> _Work task_
Return the following from the records below: each line, word for word, starting with the line that contains "Aparthotel Kandiani Bleu Ciel 4*" and going on through the line that contains "4152 Hwy 76 - Photo 23", with nothing outside that range.

> _Dataset records_
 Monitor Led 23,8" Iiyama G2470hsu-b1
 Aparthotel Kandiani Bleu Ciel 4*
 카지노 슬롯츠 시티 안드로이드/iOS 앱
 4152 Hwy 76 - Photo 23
--
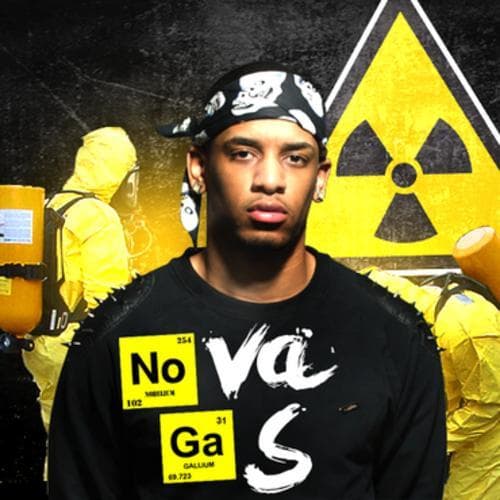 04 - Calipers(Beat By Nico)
==
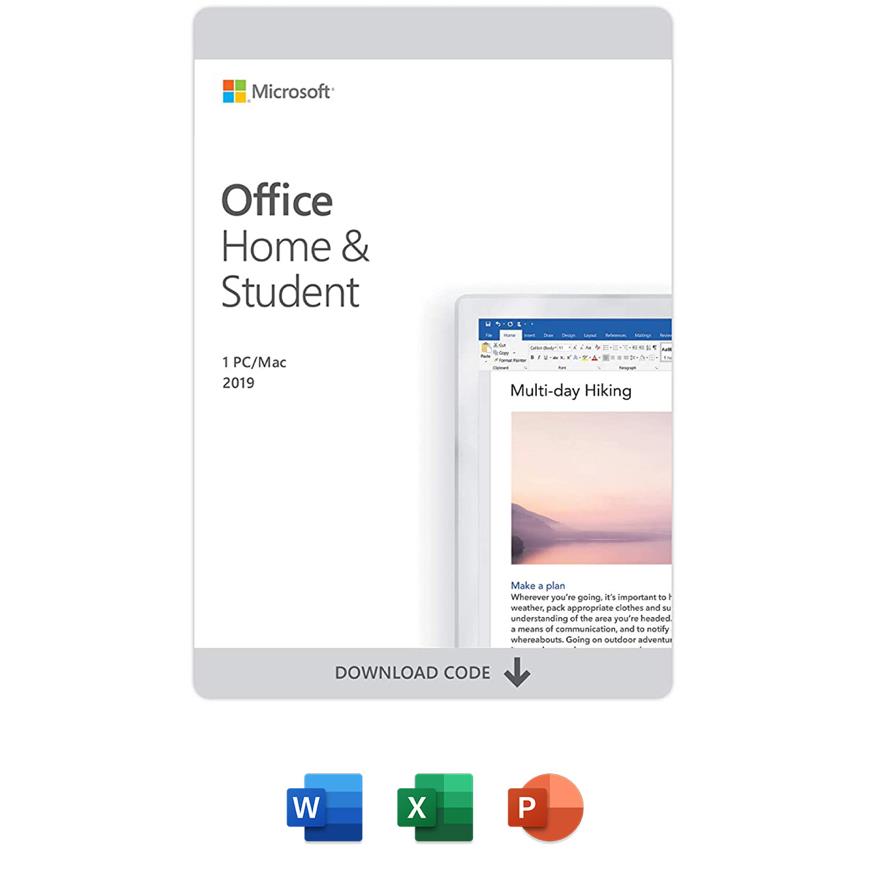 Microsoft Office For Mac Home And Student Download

> _Exercise output_
 Aparthotel Kandiani Bleu Ciel 4*
 카지노 슬롯츠 시티 안드로이드/iOS 앱
 4152 Hwy 76 - Photo 23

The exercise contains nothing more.